Dad was retrenched from his company when I was in Primary School. I remember he went from driving this lorry as a supervisor to driving his old Daihatsu. I didn't know what was going on then, but he still put food on the table for the family.
He dabbled in a few other ventures such as being a property agent. None of them really worked out. In the end, he settled on driving taxi as a night shift. His health wasn't the best, but he went out and drove religiously anyway, squirreling away enough money to keep the family going.
Often, he'd be hit by fare cheats who just ran away when they reached their destination. We'd only find out after he came back from his shift and lamented about it. I sensed a bit of anger and hurt whenever he shared those stories. I'd be furious too. But he never really came back early even if he was hit by a fare cheat early on. He just kept driving, and I know that silently he was just hoping for a good pickup to turn things around. The only times he came back early was if the taxi broke down.
Time caught up and he eventually retired earlier this year. But looking back at his work hsitory, if there's a lesson to be seen in it, it's that of grit.

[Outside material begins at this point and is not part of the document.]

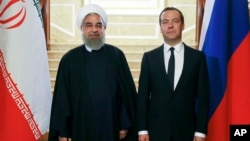 Russian Prime Minister Dmitry Medvedev, right, and Iranian President Hassan Rouhani pose for a photo during their meeting in the Gorky residence outside Moscow, Russia, March 27, 2017. 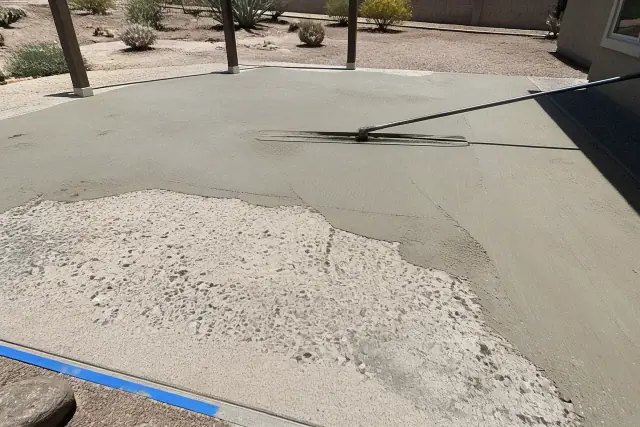 Concrete patio repair with leveling screed marks on an outdoor pad in Tucson, AZ.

He never gave up even when he was retrenched. He may have failed in other ventures, but he never gave up trying to find a job that he could do. When he finally picked up driving, he may have been cheated countless times by fare cheats, but he never stopped driving for the day just because it happened. His taxi may have broken down, but he was always back driving when it was fixed. He only knew how to carry on doing what he always did, and so he just persevered, even if the odds were stacked, or the day was just terrible for him. That's sheer grit for someone who didn't even make it to secondary 3.
Thanks Dad. Have a good retirement. It's my turn to carry on with your grit.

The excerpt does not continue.